I have a bitmap image that I am parsing and I need to be able to open the file and store the first unsigned short.
I tried to accomplish this using FILE and fscanf() but fscanf() always fails and returns 0 (number of items successfully read).
FILE *pFile = fopen ( fileName->c_str() , "r" );
if ( pFile == NULL )
{
cerr << "couldn't open file ; exiting..." << endl;
exit(0);
}
unsigned short seed;
fscanf (pFile, "%hu", &seed);
Does anyone know of another approach I could take (possibly ifstream?) or maybe could just give me some pointers?

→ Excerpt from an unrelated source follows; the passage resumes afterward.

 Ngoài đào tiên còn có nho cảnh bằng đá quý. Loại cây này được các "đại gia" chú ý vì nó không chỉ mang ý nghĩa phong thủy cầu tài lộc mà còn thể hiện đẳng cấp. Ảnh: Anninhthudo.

Any help would be greatly appreciated.
Thank you.
Don't use the formatted functions like *scanf; they expect character representations of the data, the complement of the *printf functions which translate values into character representations.
unsigned val;
f = fopen (filename, "rb");
if (fread (&val, 1, sizeof (val), f) != sizeof (val))
// error
The biggest caveat of this is how the file was written. If the endianness of the writer is different than the computer this runs on, then explicit endian code should be used instead:
unsigned val;
unsigned char buf[2];
f = fopen (filename, "rb");
if (fread (buf, 1, sizeof (buf), f) != sizeof (buf))
// error
else {
// val = (buf [0] << 8) | buf [1]; // for big endian written file
val = (buf [1] << 8) | buf [0]; // for little endian written file
}
Ahh! No! fscanf is for text! %hu
will look for strings like "1234" in a file, not the actual bytes!
Use fread.
E.g.
FILE *fp = fopen("foo", "rb");
unsigned short x;
fread(&x, sizeof x, 1, fp);
Indeed, watch out for endianness, and open the file in binary. "rb"
to be safe on Windows. Check return codes, etc.